(About this exercise)
With pictures excluded, copy word for word the lines in the data below from the line containing "Groom Business Casual" through the line containing "USB Heated Smart".

(Data shown)
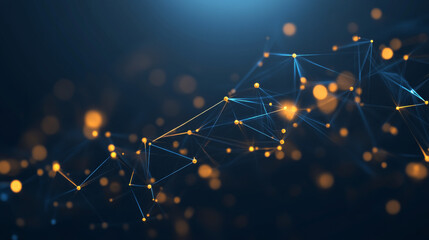 Poster - tiny, glowing particles on a dark blue background. this pattern represents the world of nanotechnolo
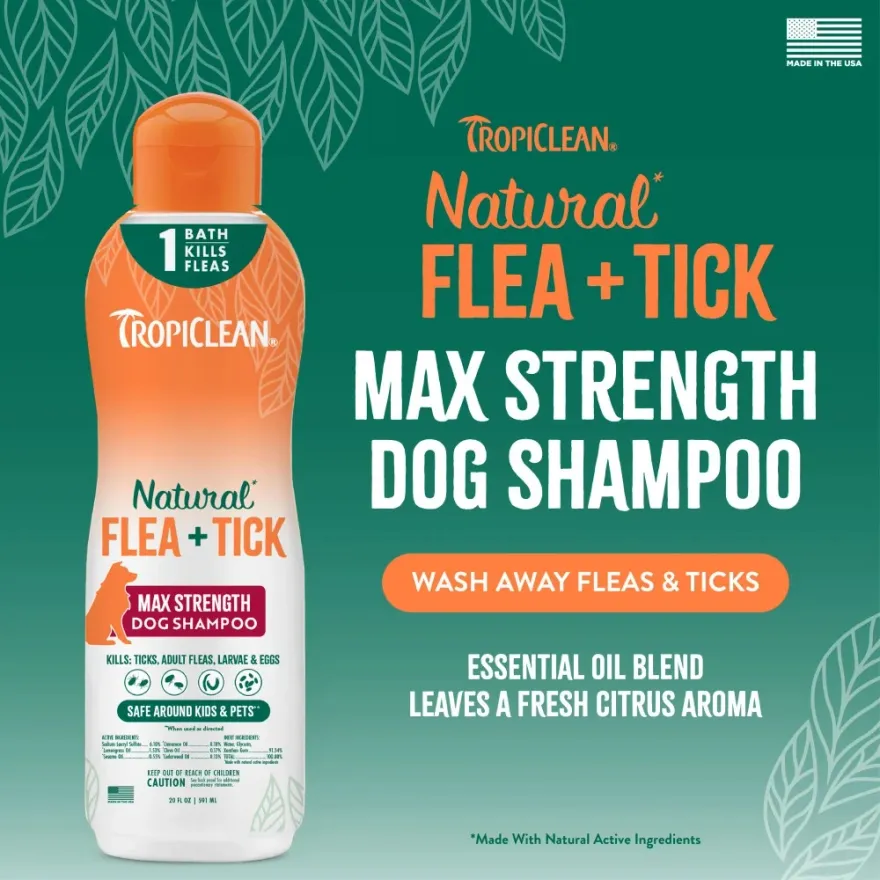 Шампунь TropiClean Flea & Tick "Максимальна сила" від бліх і кліщів для собак 592 мл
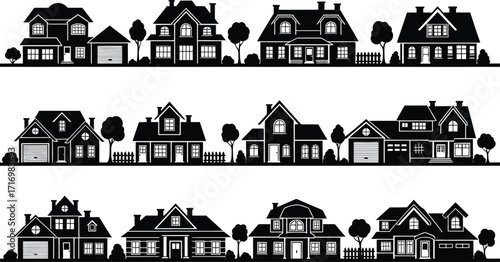 Collection of diverse suburban residential house silhouettes with trees and garages on a white background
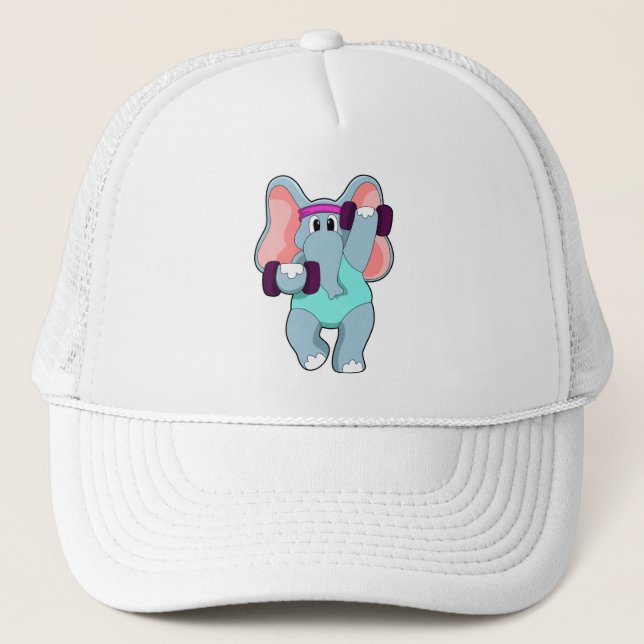 Elephant at Strength training with Dumbbells Trucker Hat (Front)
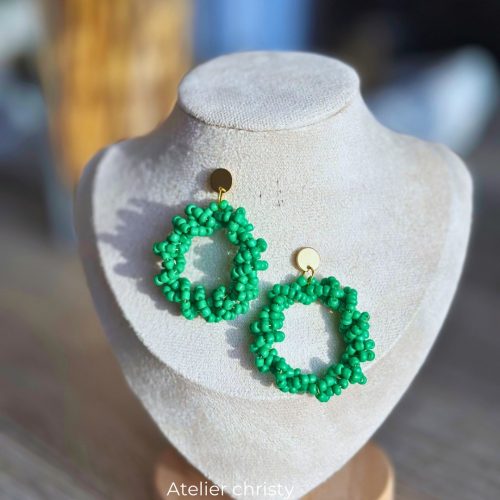 Boucles d’oreilles Rosa vert – Image 2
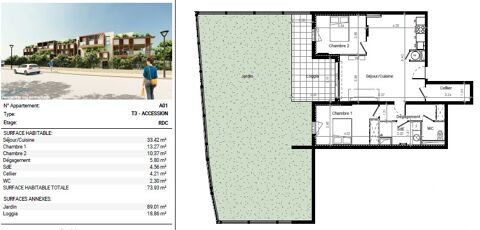  Appartement � louer 3 pi�ces 74 m�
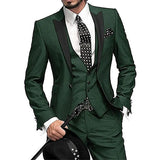 Riolio  3 Piece Purple Men's Suit Notch Lapel 1 Buttons Slim Fit Blazer Vest Pant Set Breathable Lightweight For Groom Business Casual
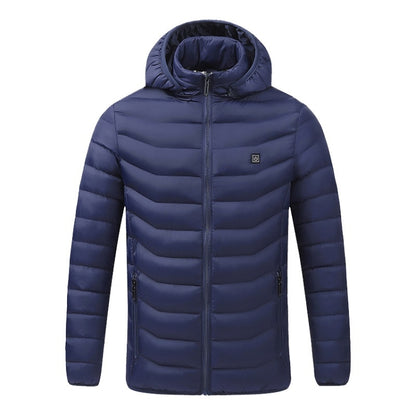 USB Heated Smart Constant Temperature Hooded Warm Coat for Men and Women (Color:Blue Size:XL) - Down Jackets by buy2fix | Online Shopping UK | buy2fix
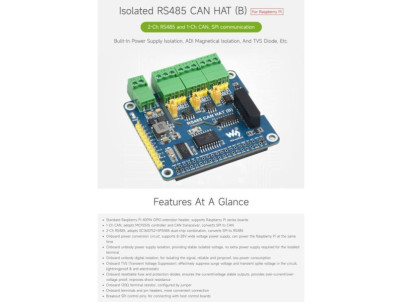 WAVESHARE Izolovaný RS485 CAN HAT (B) pre Raspberr
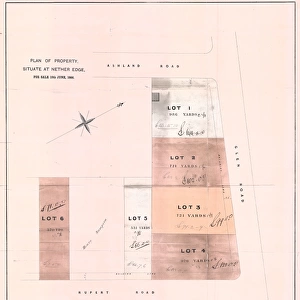 Plan of property at Nether Edge for sale, 1866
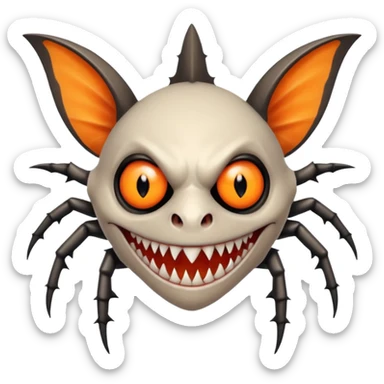 A bat with acid all in his body and his eyes  replaced with shark teeth and his hand in his back ( four hand) and his spines will be very spiky  and his leg will like a spider and last his eyes or 4 eyes will be in his hands and the colour of the eyes will orange and black sticker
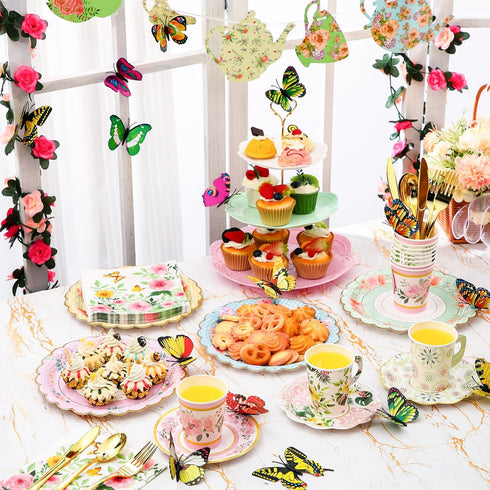 121 Set 9 oz 3 Pcs Floral Tea Party Dinnerware Include Paper Cups and Saucers, Napkins, Tier Cake Stand, Serving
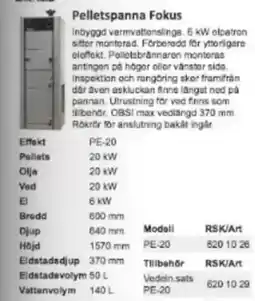 Rinkaby Rör Pelletspanna Fokus erbjuda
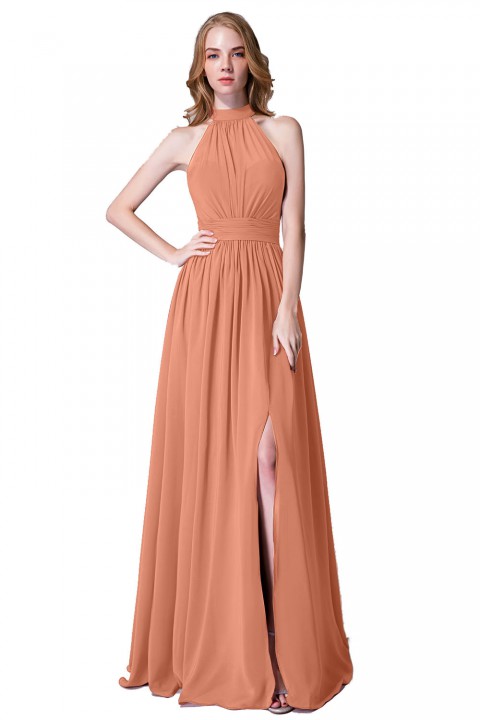 Illusion Neckline High Neck Halter Side Slit Chiffon Bridesmaid Dress with Keyhole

(Task output)
 Riolio  3 Piece Purple Men's Suit Notch Lapel 1 Buttons Slim Fit Blazer Vest Pant Set Breathable Lightweight For Groom Business Casual
 USB Heated Smart Constant Temperature Hooded Warm Coat for Men and Women (Color:Blue Size:XL) - Down Jackets by buy2fix | Online Shopping UK | buy2fix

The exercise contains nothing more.